• **WORK REQUIRED**:
With pictures left out, set down every record word for word.

• **DATA EXTRACT**:
........

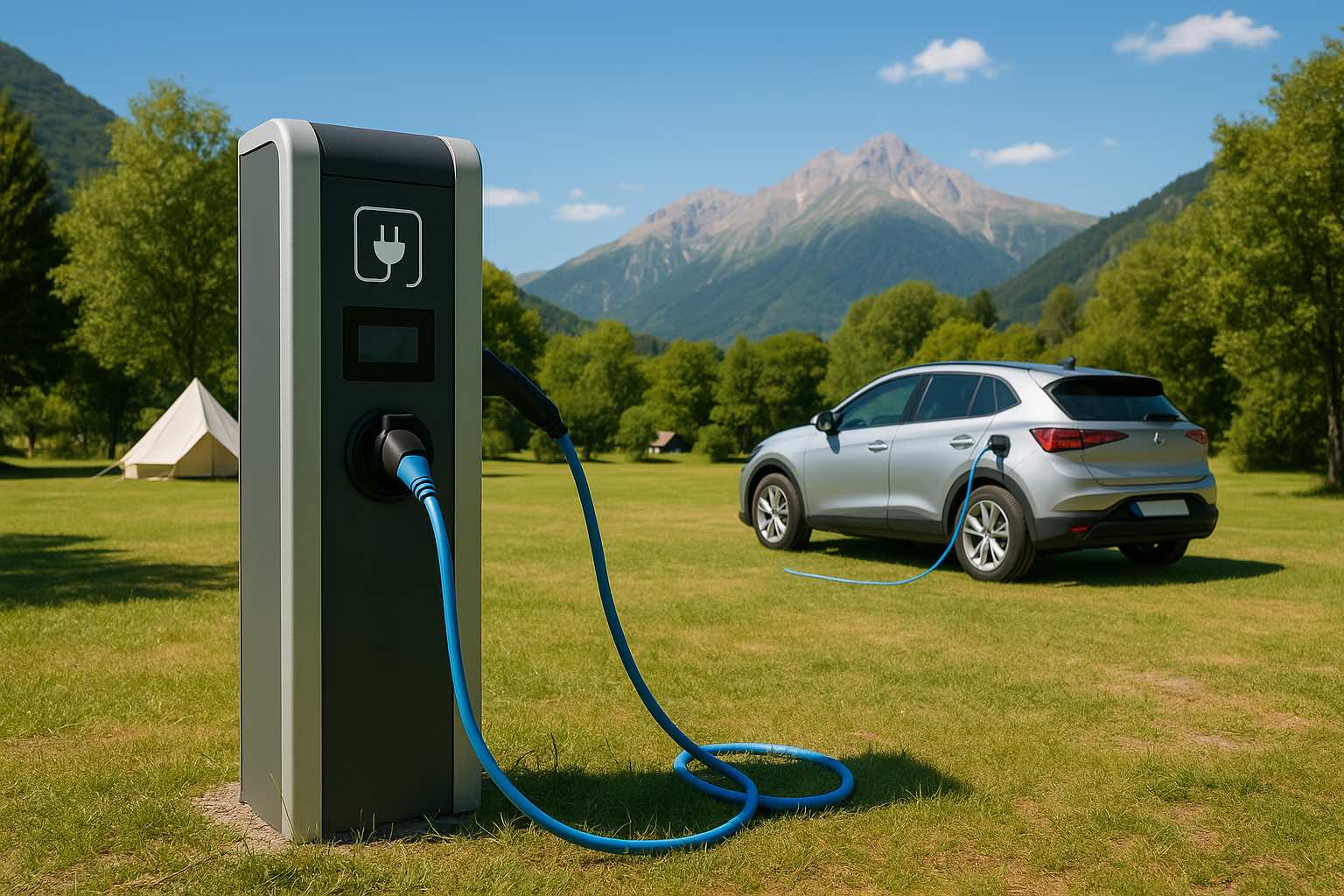 Elektro‑laadpaal bij een grasveld op een rustige camping in de bergen van Frankrijk, met een elektrische auto die op de achtergrond wordt opgeladen onder een zonnige, blauwe hemel.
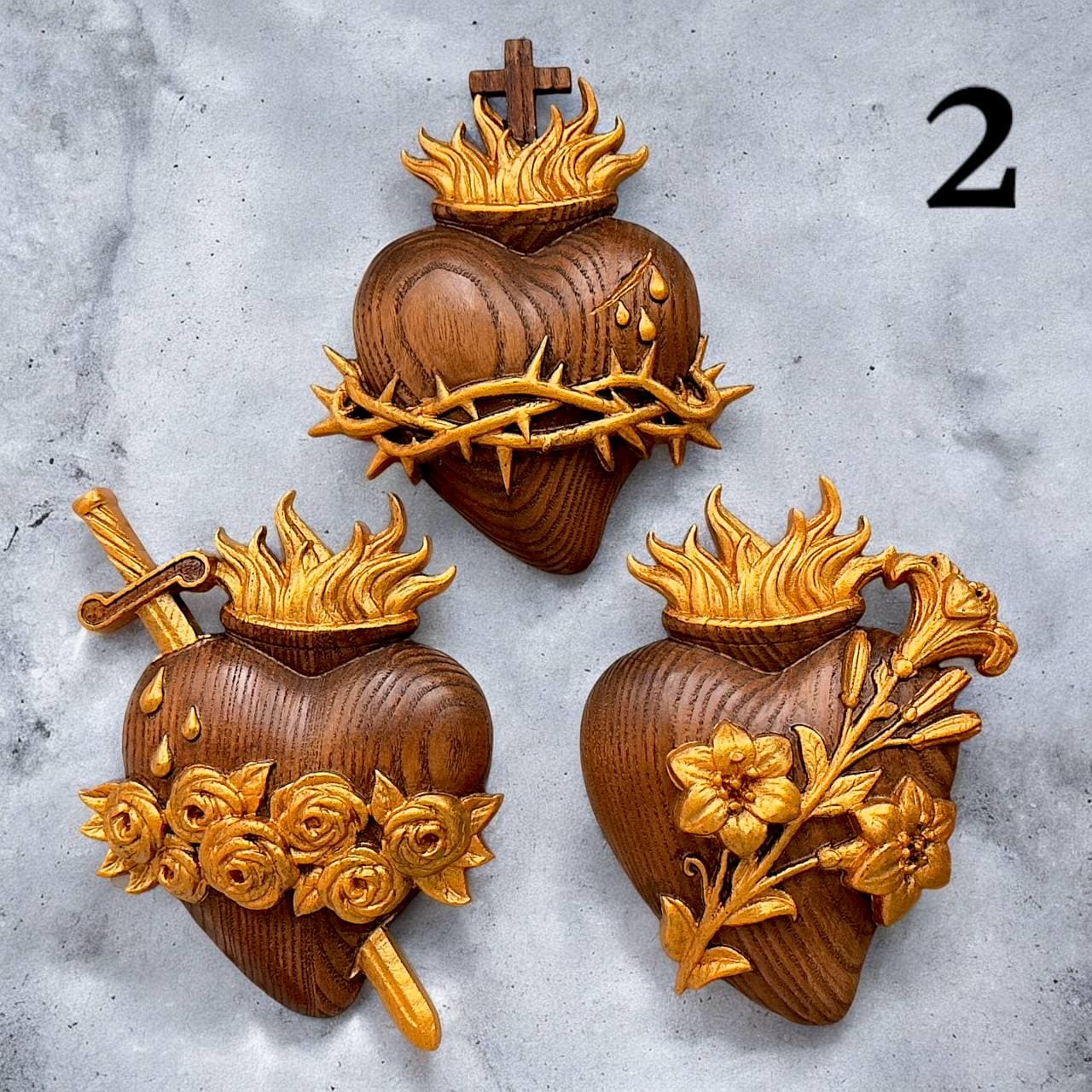 Wooden Three Sacred Hearts of the Holy Family 4 colors Wall Hanging Art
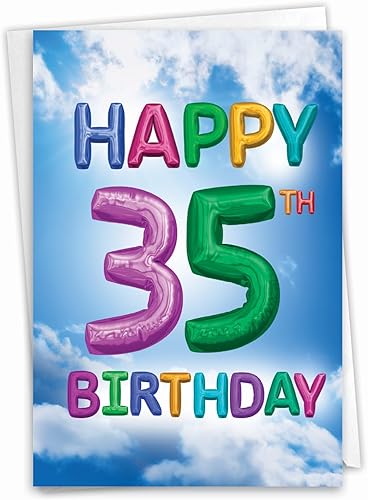 Miniatura 7 de NobleWorks Tarjeta de felicitación de cumpleaños de 35 hitos con sobre de 5 x 7 pulgadas (1 tarjeta) número pastel 35 C10125MBG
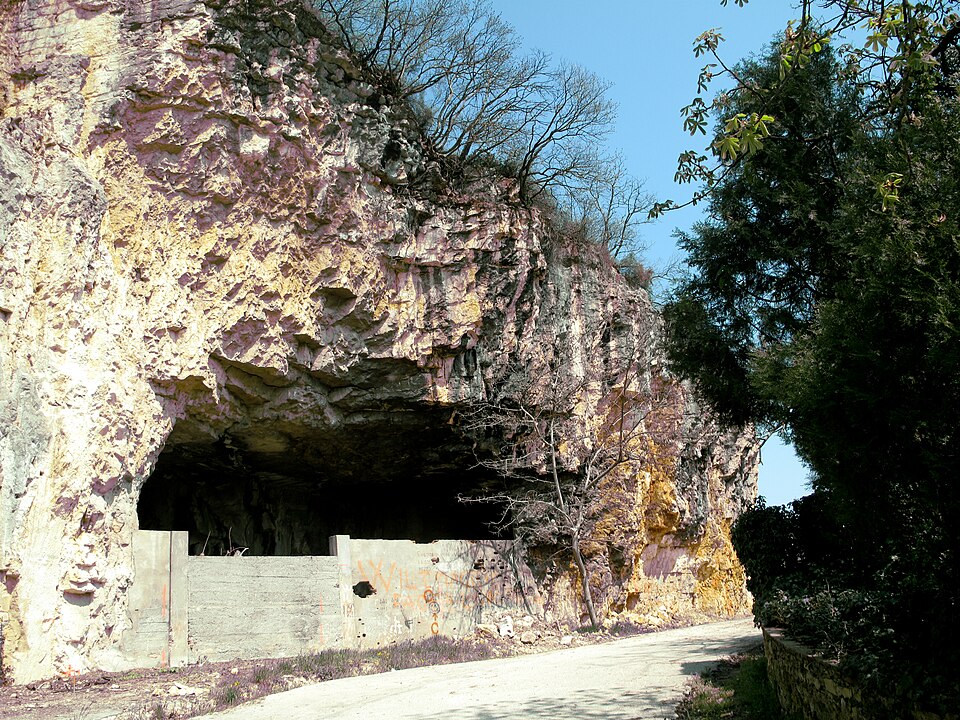 Underground Pietra di Vicenza quarry in the Berici Hills, Vicenza
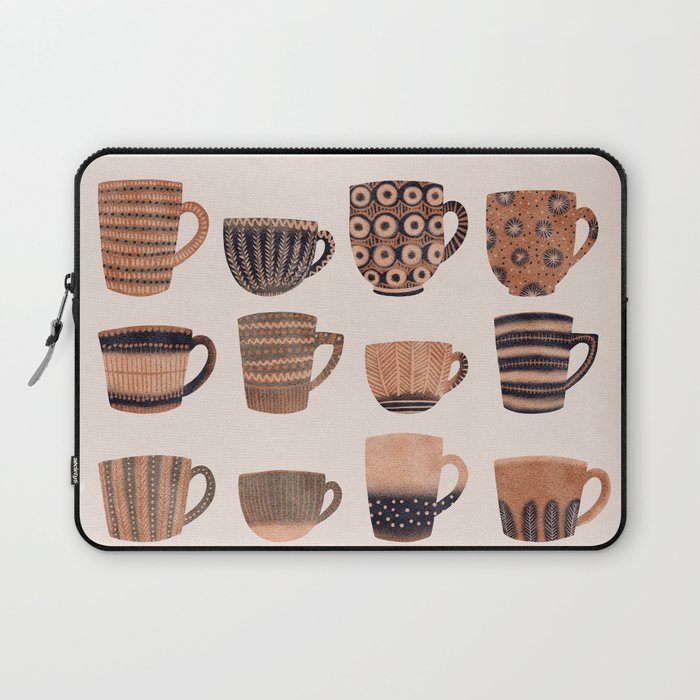 Watercolor Tea Cups Laptop Sleeve Gallery Image 1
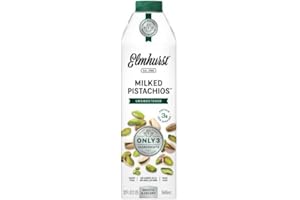 Elmhurst Pistachio Unsweetened, ungesüßter pflanzlicher Pistaziendrink mit 3 Zutaten, vegan, ohne Zuckerzusatz, laktosefrei, ohne Emulgatoren, glutenfrei, cremiger Nussdrink für Kaffee, Müsli & Kochen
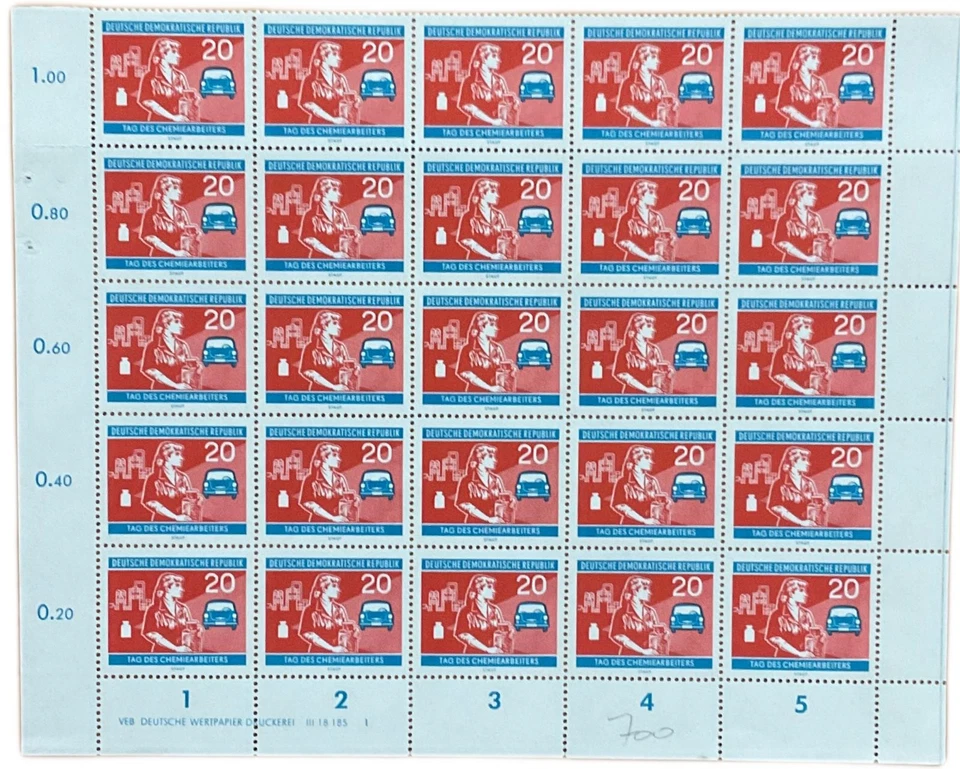 SA39g Germany DDR 1960 The Day of Chemistry Industry Woman Car part of sheet. - Image 1 of 1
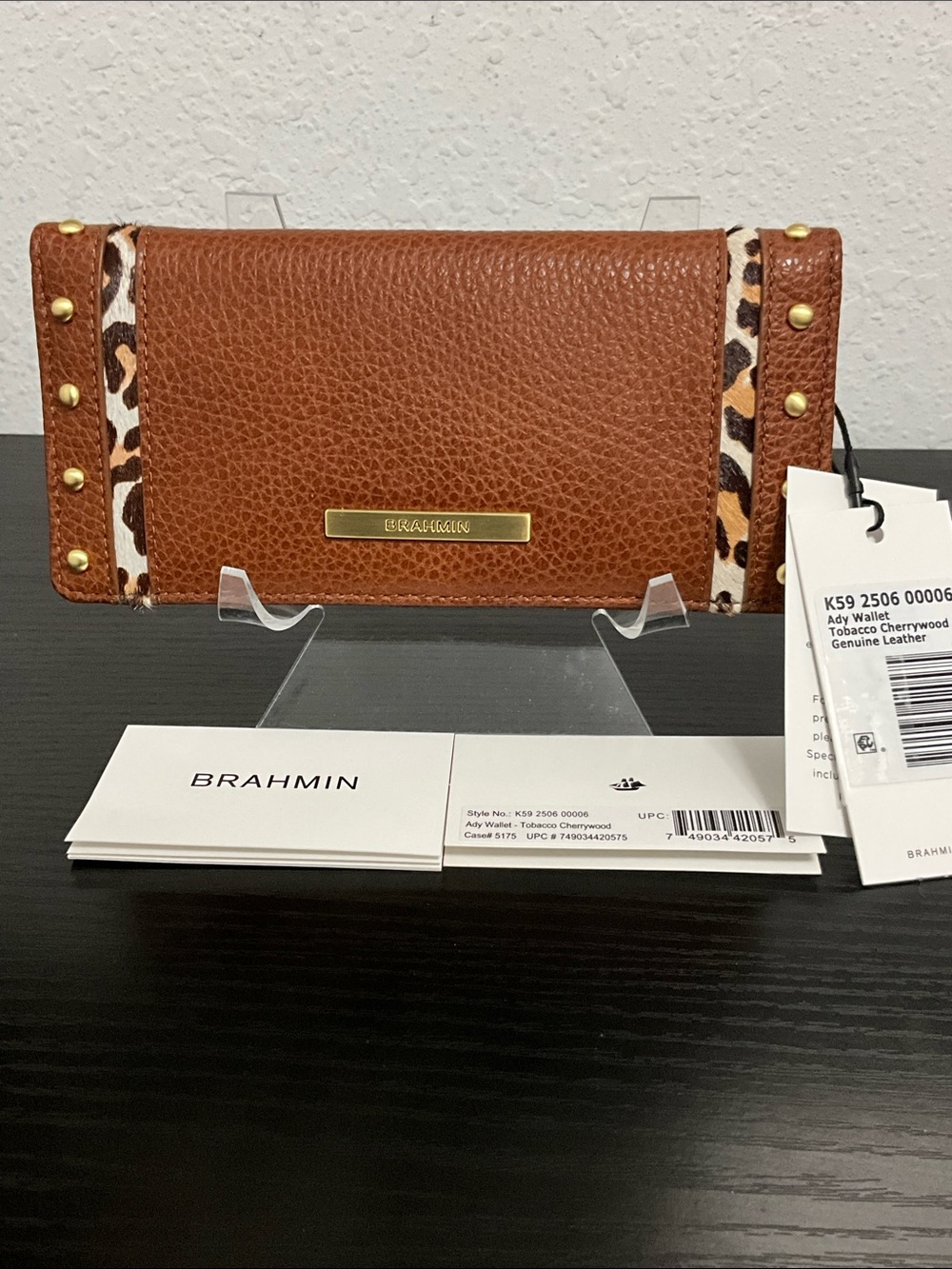 Brahmin Ady TOBACCO CHERRYWOODSlim Leather Wallet W/calf Hair & Metal Studs NWT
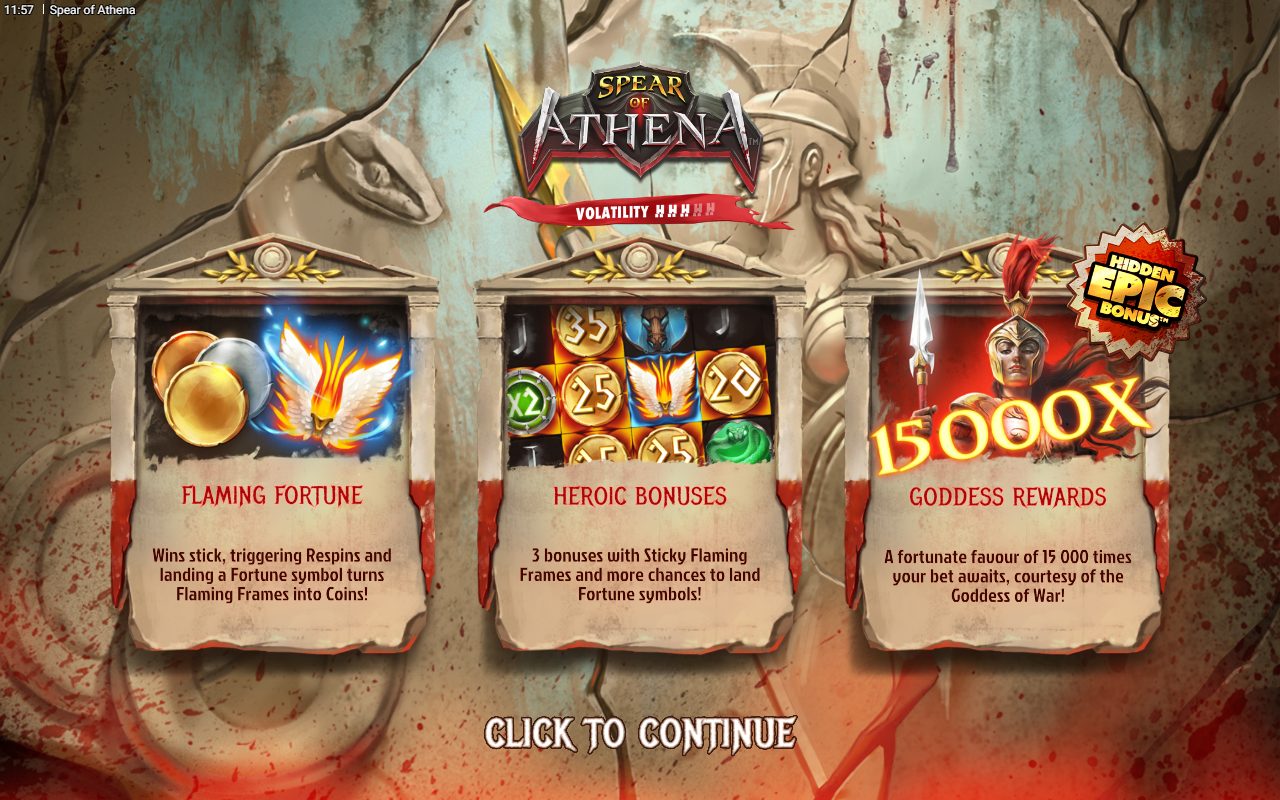 Spear of Athena game lobby / feature intro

........

• **EXPECTED ANSWER**:
 Elektro‑laadpaal bij een grasveld op een rustige camping in de bergen van Frankrijk, met een elektrische auto die op de achtergrond wordt opgeladen onder een zonnige, blauwe hemel.
 Wooden Three Sacred Hearts of the Holy Family 4 colors Wall Hanging Art
 Miniatura 7 de NobleWorks Tarjeta de felicitación de cumpleaños de 35 hitos con sobre de 5 x 7 pulgadas (1 tarjeta) número pastel 35 C10125MBG
 Underground Pietra di Vicenza quarry in the Berici Hills, Vicenza
 Watercolor Tea Cups Laptop Sleeve Gallery Image 1
 Elmhurst Pistachio Unsweetened, ungesüßter pflanzlicher Pistaziendrink mit 3 Zutaten, vegan, ohne Zuckerzusatz, laktosefrei, ohne Emulgatoren, glutenfrei, cremiger Nussdrink für Kaffee, Müsli & Kochen
 SA39g Germany DDR 1960 The Day of Chemistry Industry Woman Car part of sheet. - Image 1 of 1
 Brahmin Ady TOBACCO CHERRYWOODSlim Leather Wallet W/calf Hair & Metal Studs NWT
 Spear of Athena game lobby / feature intro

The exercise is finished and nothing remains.